If you are interested in web design or development you should have some local test place where you can check and debug websites. If you are doing this professionally you will probably invest in a real web server. But if you are doing this for fun or the reliability and speed is not a problem then you can have a simple solution with minimal investment–own Linux server. There are also some simple and effective solutions with applications like WampServer or EesyPHP. You can use them and have a good testing environment. However, having a dedicated Linux computer offers many opportunities for additional functions. In addition to this, a physical web server running Linux is a very close approximation of the real hosting environment. To install and use such server you need no special knowledge or skills. All you need is access to the internet and computer with web browser.
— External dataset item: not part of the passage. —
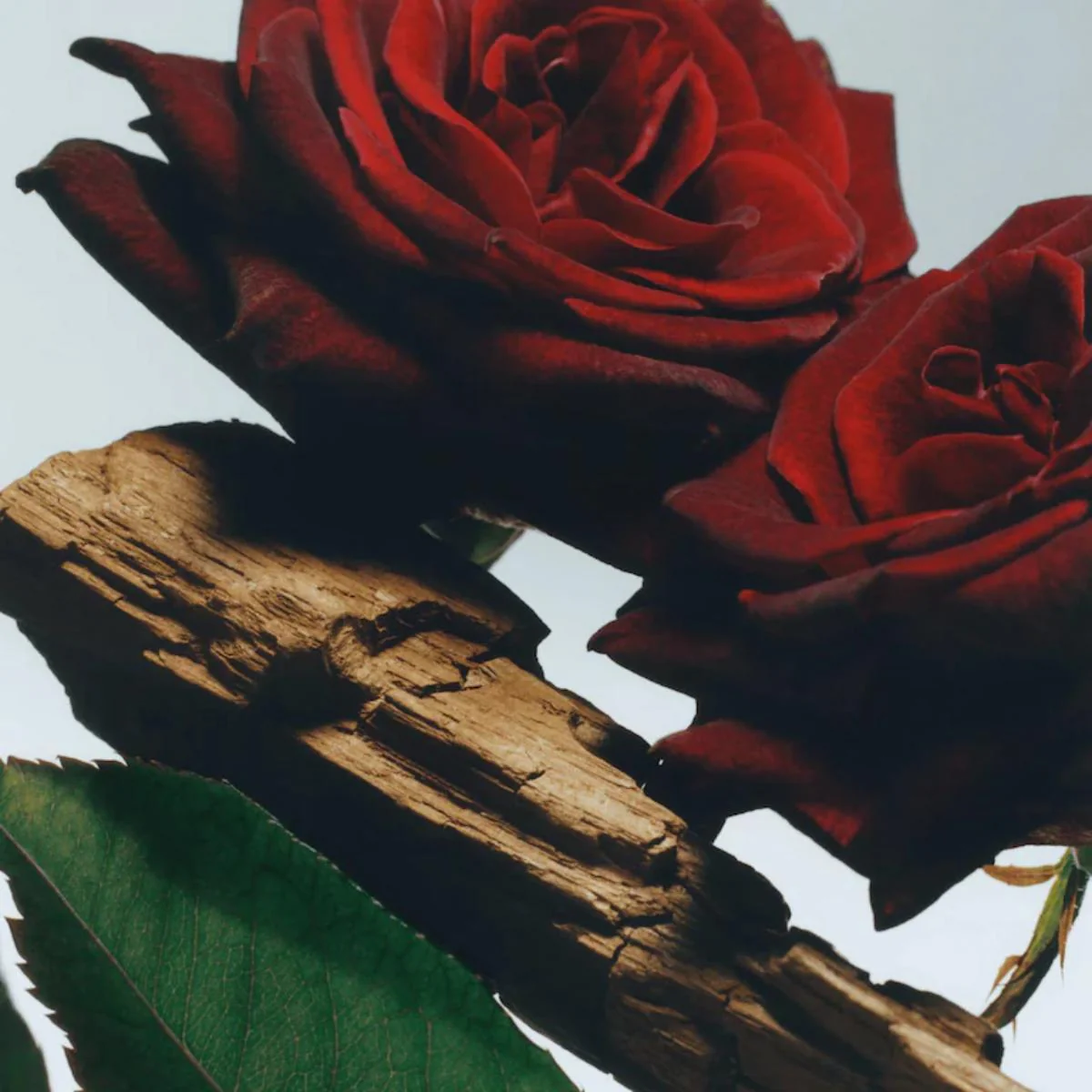 Velvet Rose & Oud Body Crème - Image 6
To set up a small but useful Linux server you need a computer. Your old computer that was replaced with a new fancy multi-core machine is a perfect candidate for this project. Linux operating system usually runs on any machine so you should not be concerned about the processor speed or the amount of RAM. If you are new to Linux you should learn some basic tips by browsing the web. There are many websites that provide step by step instructions on how to download and install Linux on any computer. The most important rule about solving any problem is to simply google for it. Every problem you may encounter during installation or customization is somewhere already mentioned together with possible solutions or hints.

After you have a running Linux computer you should check if networking is working and if it boots without any errors. Then you need to install web server software. For this you will need at least Apache, MySQL and PHP. To upload files you will also need a FTP server software. To find out how to install applications you should again check web resources where you will find every step described in details. Before you can test your home hosting you should configure Apache for shared hosting and create few directories for your projects. This should be enough for basic web development.

Now you can put some files in the www folder and they should be visible in your browser. Simply enter the IP address of your Linux computer into the address bar of your browser and you should get your default website. You can add a line to your hosts file where you can associate a name with the IP address of the server. Then you will be able to access the server with this name.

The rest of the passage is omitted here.